Yani sizin anlayacağınız Beykoz – Üsküdar yolu tam anlamıyla 1950 yıllarda faaliyete geçene kadar Beykozluların ulaşımı deniz yoluydu. “Vay canına” dediğinizi duyar gibi oluyorum ama aynen durum böyle.
Bugünkü yazımızın konusu olan “denizde vapur, karada Gafur” sözünün “denizde vapur” kısmının yeterince anlaşıldığını sanıyorum. Gelelim “karada Gafur” kısmına.
Balkan Savaşları öncesi ve sonrası o bölgede bulunan Türkler, Arnavutlar, Torbeş ve Pomaklar Müslüman oldukları için Balkanlar'daki aşırı unsurlar tarafından baskı, tehdit ve ölümlerle karşı karşıya kalınca orada bulunan mallarını ve mülklerini bırakıp Anadolu'ya göç etmek zorunda kalmışlardır. Öyle dramatik göçler olmuştur ki, ocakta pişen yemeğini bırakıp Anadolu’ya göçen Müslüman toplulukların hikâyeleri anlata anlata bitmez. Hele de Türkler ve Arnavutlara yapılan eziyetler adeta soykırıma dönüşmüştü. Bu zulümden kaçan yaşlı, kadın ve çocuklar Anadolu'nun bağrında yeni hayatlarına tutunmaya çalışmışlardı.
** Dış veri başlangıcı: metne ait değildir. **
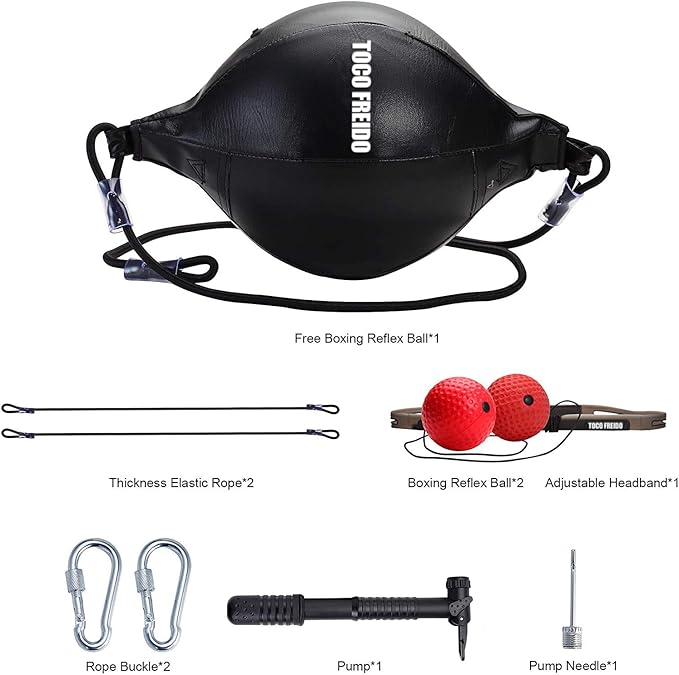 TOCO FREIDO Double End Punching Ball, Speed Bag with Difficulty Levels Boxing Reflex Ball with Headband, Perfect for Reaction, Agility, and Hand Eye Coordination Training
İşte Anadolu'ya gelen bu ailelerden biri de “Osmanlı'nın Arnavutluk sancağına bağlı Debre Kazasının Kırcışte Köyü'nden” İstanbul'a göç etmek zorunda kalan “Mazari” ailesinin fertleriydi.
Kırcışte Köyüne bir şafak vakti baskın yapan Sırp çeteleri Mazari ailesinden bulabildiklerinin çoğunu katlederler. Sırp çeteleri köy camisine baskın yapıp cami imamını ve cemaatten Mazarı ailesinden Beyazıt Efendi'yi de oracıkta öldürürler. Canlarını kurtaranlar dağlara kaçar ve geleceklerini artık başka yerde aramak zorunda kalırlar.
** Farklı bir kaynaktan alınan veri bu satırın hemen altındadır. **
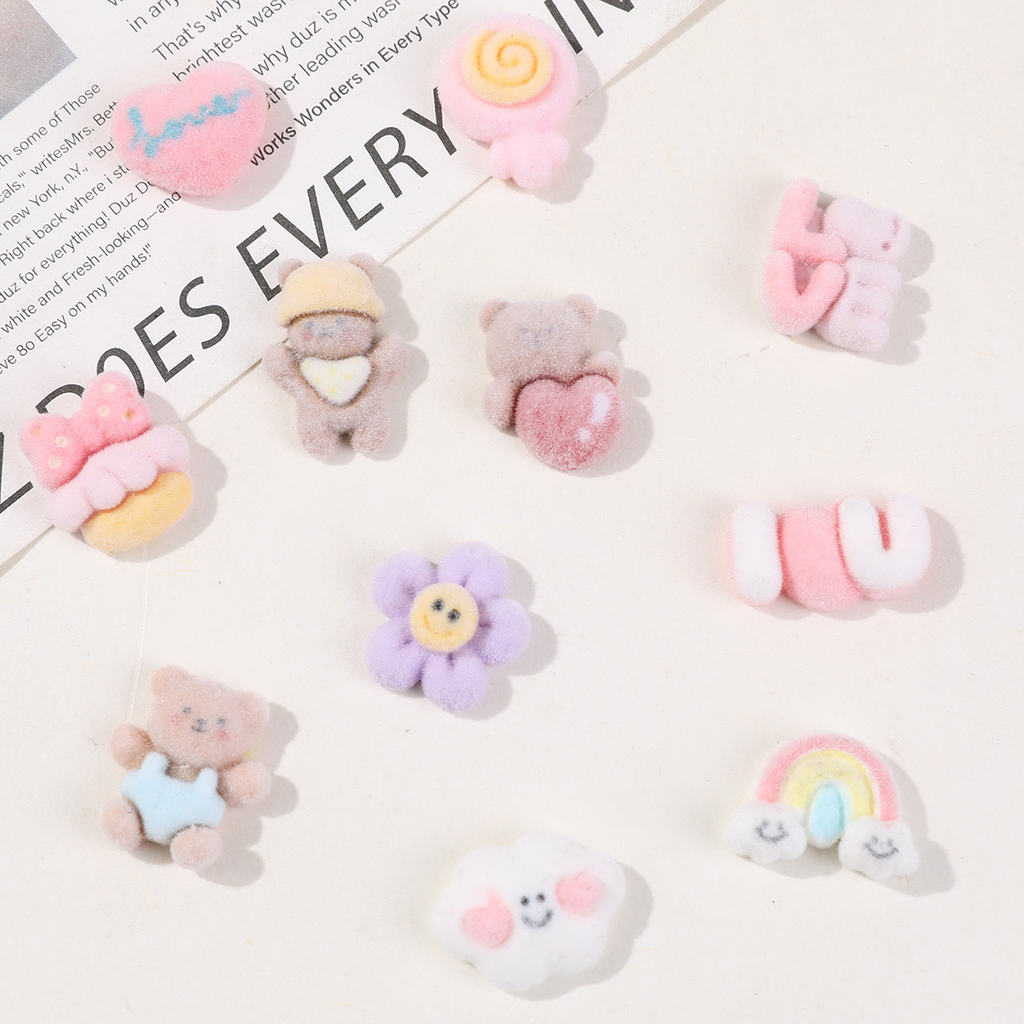 Dopamine Girl Mini Love Flower Bear DIY Flocking Resin Accessories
Kaçanlar bütün her şeylerini geride bırakarak zorlu bir yolculuktan sonra daha evvel İstanbul'un İstinye semtine bulunan akrabalarının yanına sığınırlar. İstanbul'a ulaşan Mazharı ailesinin içinde Sırp çeteleri tarafından şehit edilen Beyazıt Efendi'nin oğlu Gafur'da vardır.
1915’de Kırcışte Köyünde doğan ve yedi yaşında zor bir yolculuktan sonra İstanbul'a ulaşan Gafur Mazari artık İstanbul'da amcalarının koruması altındadır.
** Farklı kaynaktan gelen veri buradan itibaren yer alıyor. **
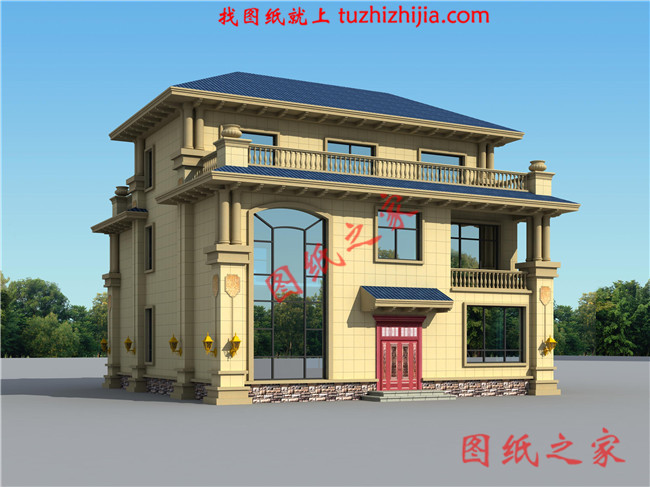 三間三層房子設(shè)計圖，高端三層樓房設(shè)計圖，三層兩個大露臺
Gaffur Mazari küçük yaşta iş hayatına atılır. Makinelere, alet edevata çok meraklı olduğu için şoförlük öğrenir ve kireç ocaklarından kireç taşıyan kamyonlarla çalışmaya başlar.
1934 yılında soyadı kanunu çıkınca Arnavutluk'tan İstanbul'a geldiği unutulmasın diye Güldani soyadını seçer.
Daha sonraki yıllarda Gafur'un çocukları okulda arkadaşları tarafından şaka konusu yapılan “Güldani” yerine “Güldağ” soyadını alırlar.
Soyadı Kanunu sonra o artık Gaffur Güldani'dir. Kravatlı, fötr şapkalı ve üstelik de kamyon şoförüdür.
Gaffur 1944’lü yıllarda Beykoz'da yeni bir iş bulur. İspiro adlı bir Rum'un kamyonunda çalışmaya başlar. Beykoz'un köylerinden Şişecam Fabrikası'na kum ve kireç taşımaya başlar. Uzun yıllar Beykoz'da herkesin tanıdığı Rafet Ağa'nın kireç ocağından kireç taşıdığı Beykozlarca anlatılır.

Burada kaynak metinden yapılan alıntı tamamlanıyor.